Há uma gigantesca diferença entre o eu como motor de tudo e a ideia da família como o núcleo mais pequeno dela.

Porque o euzinho tem como meta a sua única vida. Daí os liberais até serem contra as heranças.

Enquanto que a noção de família não é apenas a que se constitui- são todas as suas ramificações e o que fica depois da nossa morte.

A noção de família coloca a felicidade num tempo longo que o eu não controla.

A ideia do egoísmo como motor de tudo, funciona apenas no curto-prazo, é utilitária ao ponto de poder sacrificar o futuro em função do tempo de vida de cada euzinho.

zazie disse...

Quem escreveu a fábula das abelhas não foi Aristóteles, ia jurar...

né?

Portanto, o texto do PA é uma negação dos fundamentos liberais.
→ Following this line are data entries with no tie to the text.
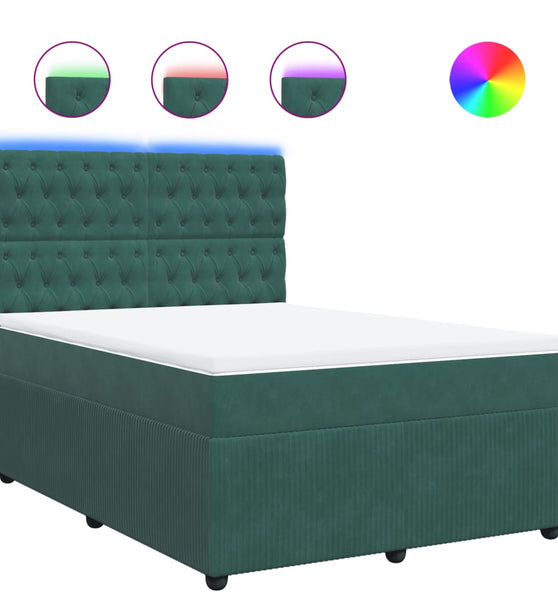 Boxspringbett mit Matratze Dunkelgrün 140x200 cm Samt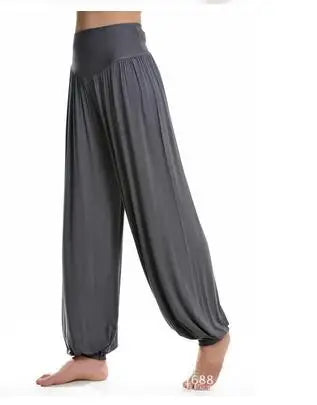 Women's Boho Harem Pants - Modal Solid Belly Dance Trousers, Wide-Leg Long Yoga Pants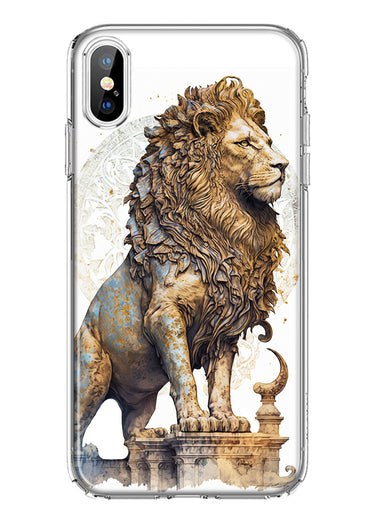 Apple iPhone XS Max Ancient Lion Sculpture Hybrid Protective Phone Case Cover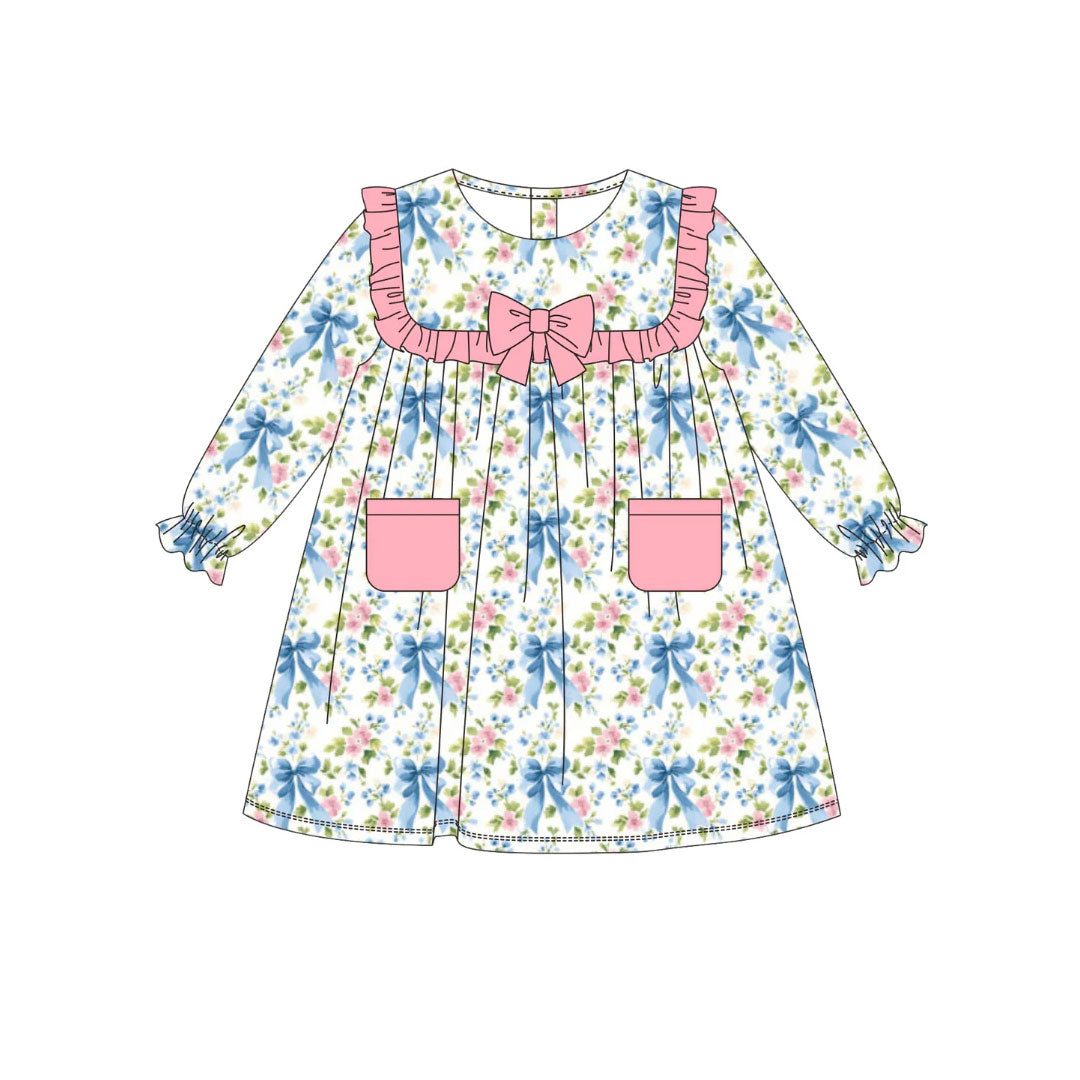 Baby Girls Bows Floral Pockets Knee Length Dresses Preorder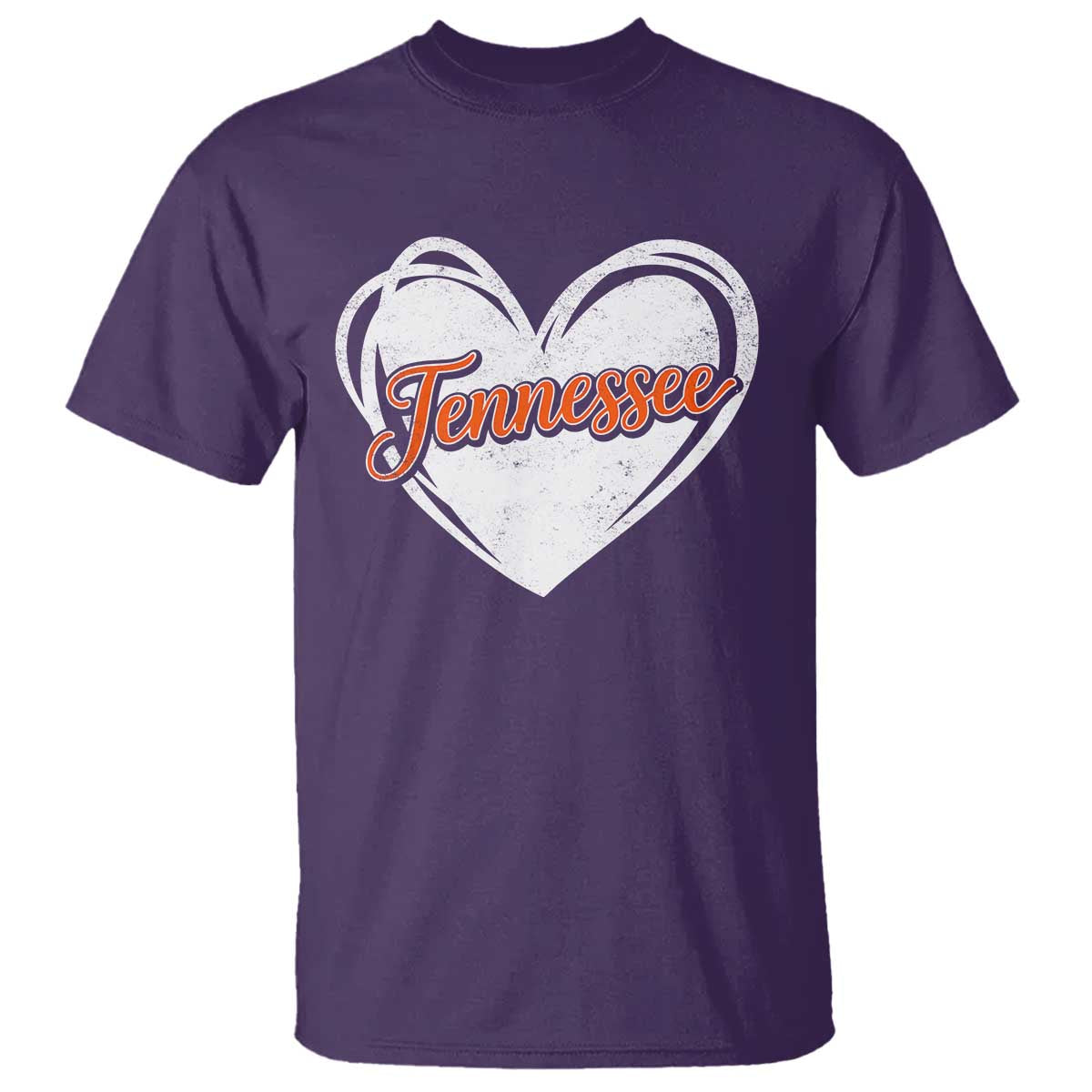 Vintage Tennessee T Shirt Heart Graphic TN Orange US State TS10 Purple Print Your Wear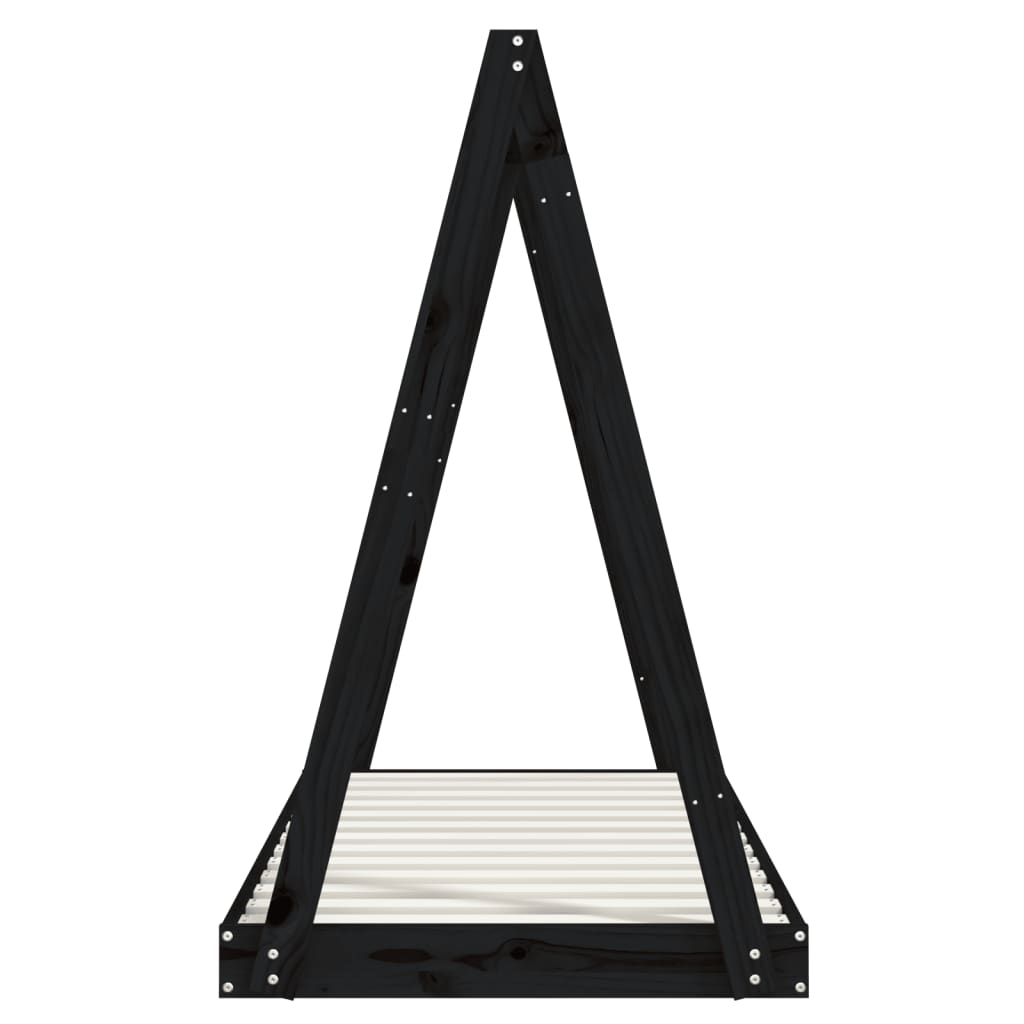 Solid Pine Kids Bed Frame, Black 70x140 cm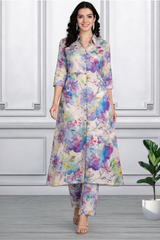 🌸 Floral Printed Spandex Kurti Pant Co-Ord Set 🌸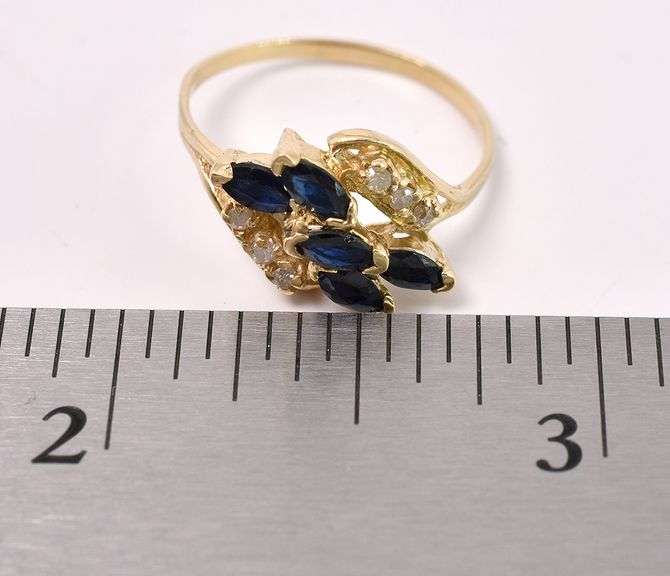 Divine Blue Sapphire And Diamond Ring In Yellow Gold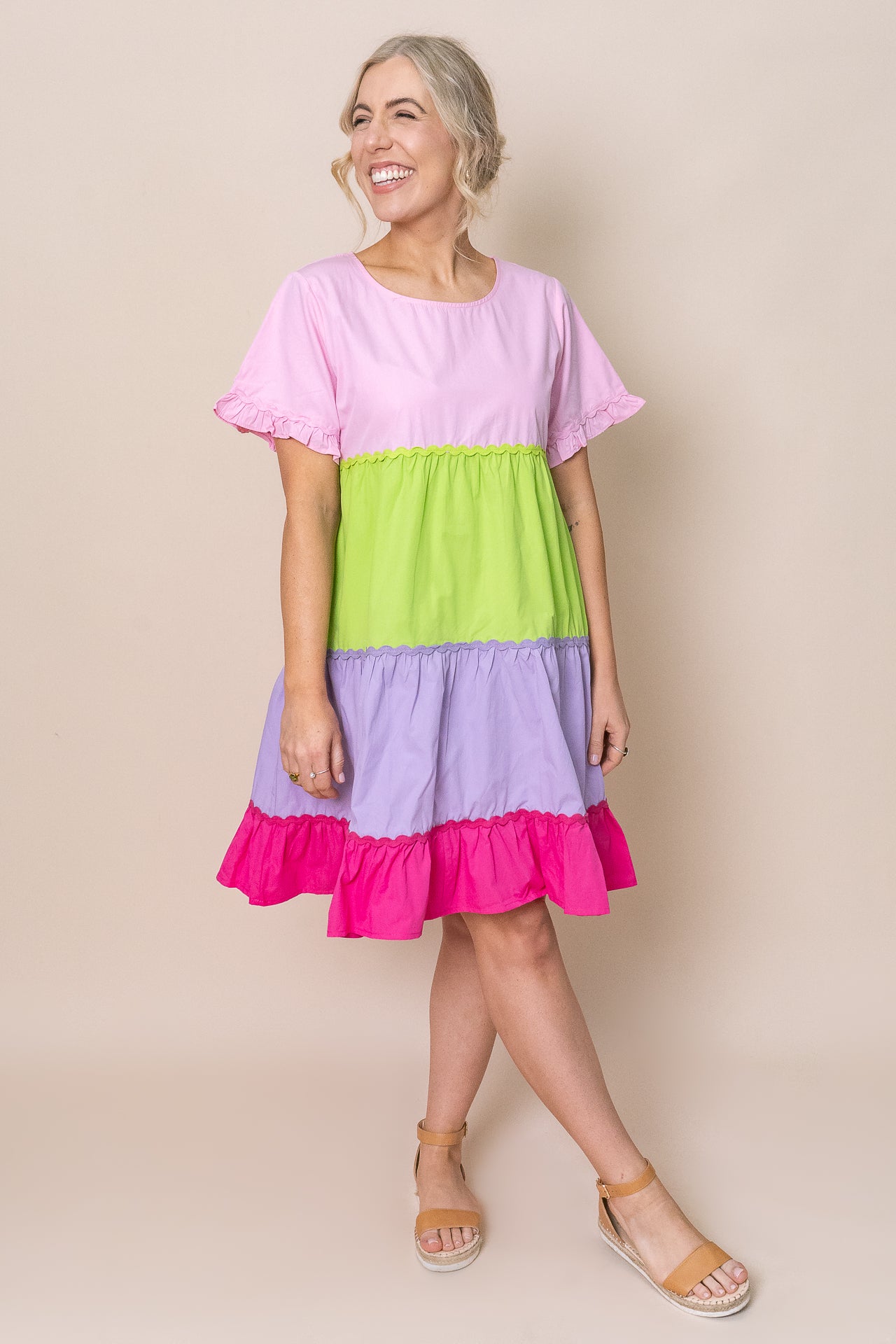 Ruth Tiered Dress in Candy Pink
Refuta-se com argumentos liberais, em os tendo. Não em negando a diferença entre uns e outros.

Vivendi disse...

Por exemplo os líderes políticos não sabem o que é o bem comum:

A pensão mais baixa de sobrevivência está abaixo de 200 €. A pensão mais alta de uma subvenção política está quase em 10000 €. A diferença é de quase 5000% (contas feitas à moda de merceeiro).

rui a. disse...

Zazie,

As relações de paternidade e de filiação não são de natureza económica, nem política. Não vejo como é que o liberalismo as pode questionar. Se é por causa do individualismo, este, para o liberalismo clássico, é uma unidade de medida para a natureza da sociedade política e não das comunidades sociais. Nenhum liberal lhe negará a importância da cooperação entre indivíduos, e dos laços sociais e resultados institucionais que daí resultam. Se é por causa do «self-ownership» da Rand, traduido excessivamente por «egoísmo», também não vejo em que medida é que o interesse individual, que é, de facto, o mais potente motor de realização humana, pode colidir com os sentimentos de paternidade e filiação. São coisas absolutamente diferenciadas, e, embora se possa alegar que qualquer indivíduo se satisfará na sua descendência, ninguém tem filhos para se satisfazer, sem mais. Nestas coisas, a auto-satisfação tem outro nome, e não costuma dar filhos. Antes pelo contrário...

zazie disse...

eheheh vendo as coisas sob esse prisma realista, é verdade. As diferenças teóricas é que são fantasias.

Aquilo que poderá ser diferente seria apenas o incentivo a uma coisa ou outra e a questão das heranças.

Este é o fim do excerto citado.